1The Rise of Universalizing Religions300–600 CE

Core Objectives
- DESCRIBE the characteristics of universalizing religions, and EXPLAIN why universalizing religions developed to varying degrees in Afro-Eurasiabut did not develop elsewhere in the world.
- ANALYZE the relationship between empires and universalizing religions across Afro-Eurasia in this period.
- ASSESS the connections between political unity and religious developments in sub-Saharan Africa and Mesoamerica in the fourth to sixth centuries CE.
- COMPARE the unifying political and cultural developments in sub-Saharan Africa and Mesoamerica with those that took place across Eurasia in this period.
Around 180 CE, twelve Christians, seven men and five women, stood trial before the provincial governor at Carthage. Their crime was refusal to worship the gods of the Roman Empire. While the governor argued for the simplicity of his religion with its devotion to “the protecting spirit of our lord the emperor,” one Christian retorted that his own lord was “the king of kings and emperor of all nations.” This distinction was an unbridgeable gap between the governor and the Christians. The governor condemned them all. “Thanks be to God!” cried the Christians, and straightaway they were beheaded. As the centuries unfolded, the governor’s old Roman ideas of the supremacy of an emperor-lord would give way to the martyrs’ devotion to their Lord God as emperor over all.
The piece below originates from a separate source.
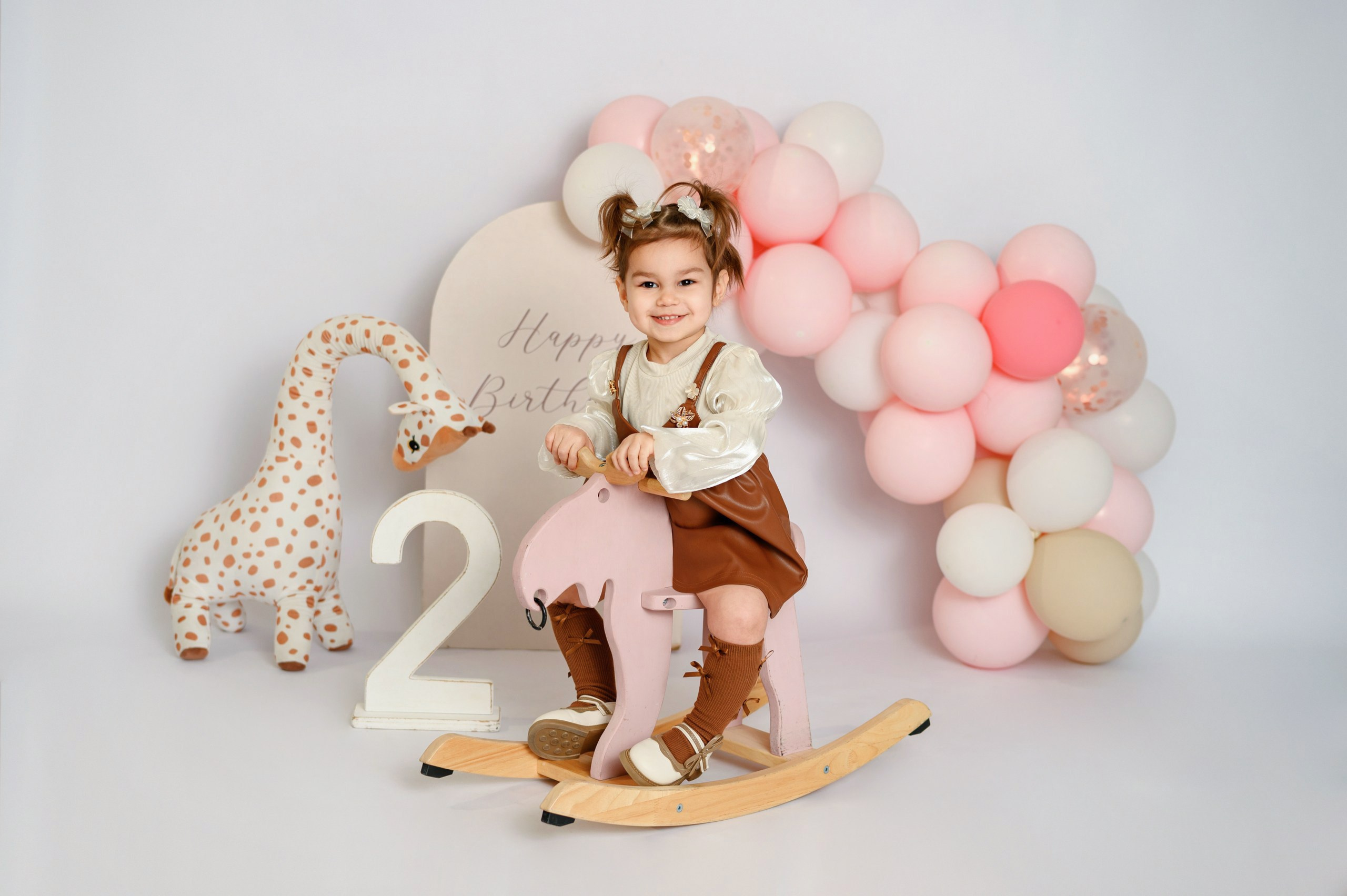 ДЕНЬ РОЖДЕНИЯ МАЛЫША. Фотограф новорожденных — ньюборн фотосессия Москва Анна Миронченко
As with Christianity’s claim of an “emperor of all nations,” a religion’s capacity for universalizing—particularly its broad appeal across diverse peoples and cultures—became ever more important to its success.
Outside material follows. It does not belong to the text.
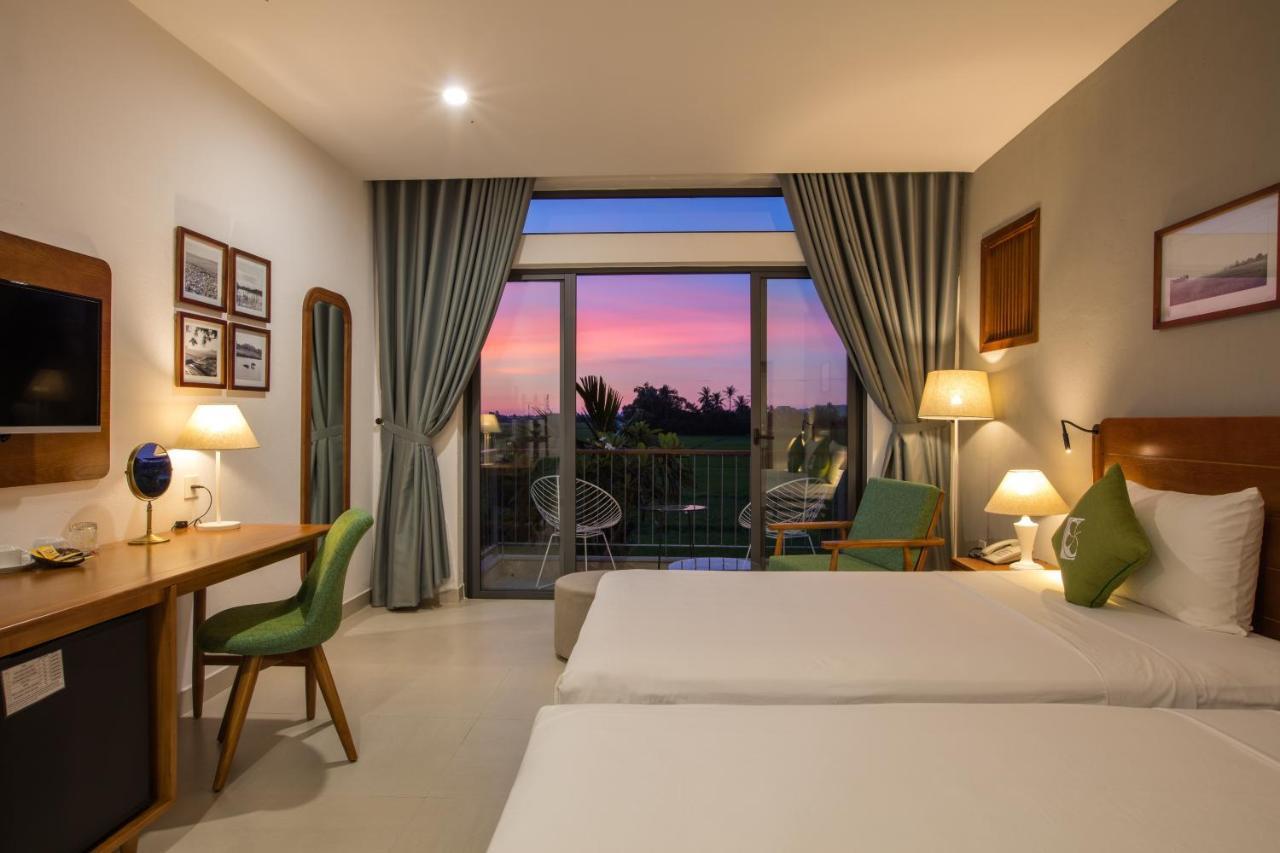 Hoian Tranquil Lodge - Chon Binh Yen Hoi An Luaran gambar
From 300 to 600 CE, the entire Afro-Eurasian landmass experienced a surge of religious activity. In the west, Christianity became the state faith of the Roman Empire. In India, the Vedic religion (Brahmanism) evolved into a more formal spiritual system called Hinduism. Buddhism spread across northern India, central Asia, and China. Around the same time, the peoples living in sub-Saharan Africa reached beyond their local communities, creating common cultures across wider geographical areas. The Bantu-speaking peoples, residing in the southeastern corner of present-day Nigeria, began to spread their way of life throughout the entire southern half of the landmass. Similarly, across the Atlantic Ocean, the Maya established political and cultural institutions over a large portion of Mesoamerica. Across much of the world, spiritual concerns integrated scattered communities through shared faiths. (See Map 1.1.)
This integration was facilitated in Afro-Eurasia in part by the spread of what we might call universalizing religions. Two faiths in this era—Christianity and Buddhism—fit the model for this type of religion particularly well. Six main features characterize universalizing religions: their appeal to diverse populations (men and women, freeborn and slaves, rich and poor); their adaptability as they moved from one cultural and geographical area to another; their promotion of universal rules and principles to guide behavior that transcended place, time, and specific cultural practices; their proselytizing of new believers by energetic and charismatic missionaries; the deep sense of community felt by their converts despite, and perhaps because of, their many demands on followers; and—in the case of Christianity, and to a lesser extent Buddhism—the support given to them by powerful empires. Even as the Roman Empire and the Han dynasty began to crumble, these universalizing traditions continued to flourish.
Across Afro-Eurasia, universalizing religions were on the move. (See Map 1.2.) Religious leaders carrying written texts (books, scrolls, or tablets of wood or palm leaf) traveled widely. Christians from Persia went to China. Buddhists journeyed from South Asia to Afghanistan and used the caravan routes of central Asia to reach China. Voyages, translations, long-distance pilgrimages, and sweeping conversion campaigns remapped the spiritual landscape of the world. New religious leaders were the brokers of more universal but also more intolerant worldviews, premised on a distinct relationship between gods and their subjects. Religions and their brokers profoundly integrated societies. But they also created new ways to drive them apart.
Global Storylines
Universalizing Religions
- Universalizing religions—notably Christianity and Buddhism—appeal to diverse, widespread populations and challenge the power of secular rulers and thinkers.
- Across Afro-Eurasia, these universalizing religions offer continuity even as powerful empires, specifically the Roman Empire in the west and the Han dynasty in China, are transformed.
- Along the Silk Roads, the merchants and rulers of Sasanian Persia, Sogdiana, and South Asia profoundly influence the exchange of goods, people, and ideas between east and west.
- In the “worlds apart,” common cultural beliefs help unify newly organized polities in Mesoamerica and new communities of Bantu speakers in sub-Saharan Africa.
Glossary
- universalizing religions
- Religions that appeal to diverse populations; are adaptable to new cultures and places; promote universal rules and principles; proselytize new believers, often through missionaries; foster community; and, in some cases, do all of this through the support of an empire.